» **REQUIREMENT**
Output all of the data below without changing a word, and exclude the pictures.

» **PROVIDED MATERIAL**
------------------------------
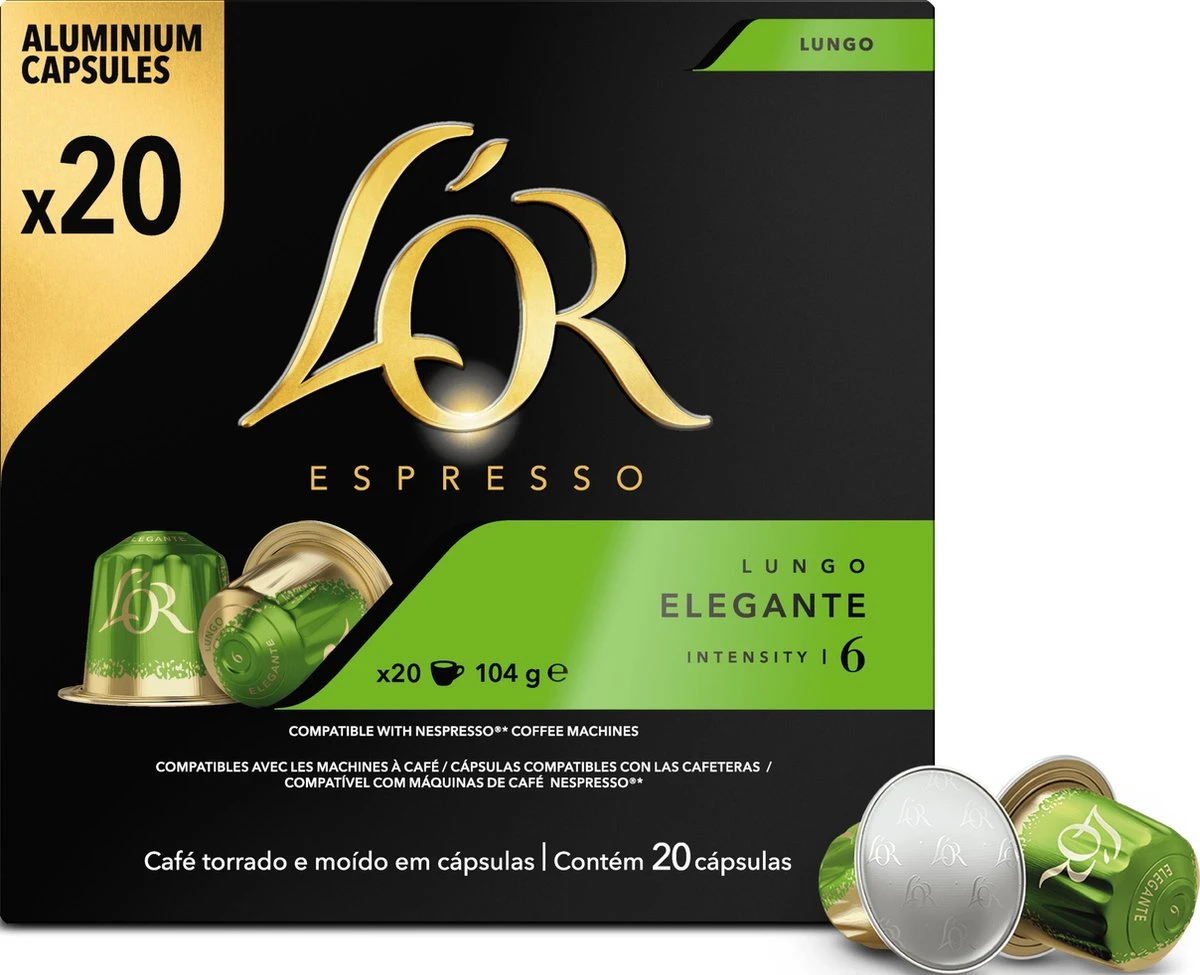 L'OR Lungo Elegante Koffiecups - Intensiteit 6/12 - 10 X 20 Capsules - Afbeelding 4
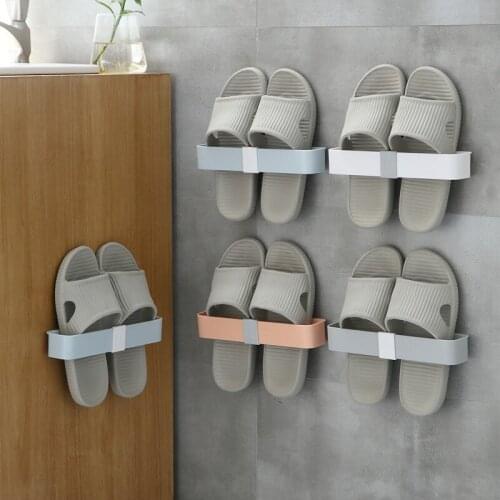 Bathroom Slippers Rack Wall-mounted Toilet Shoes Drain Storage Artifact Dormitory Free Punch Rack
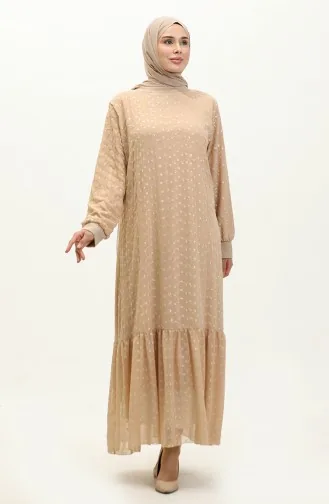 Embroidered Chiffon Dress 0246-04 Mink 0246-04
------------------------------
» **TASK SOLUTION**
 L'OR Lungo Elegante Koffiecups - Intensiteit 6/12 - 10 X 20 Capsules - Afbeelding 4
 Bathroom Slippers Rack Wall-mounted Toilet Shoes Drain Storage Artifact Dormitory Free Punch Rack
 Embroidered Chiffon Dress 0246-04 Mink 0246-04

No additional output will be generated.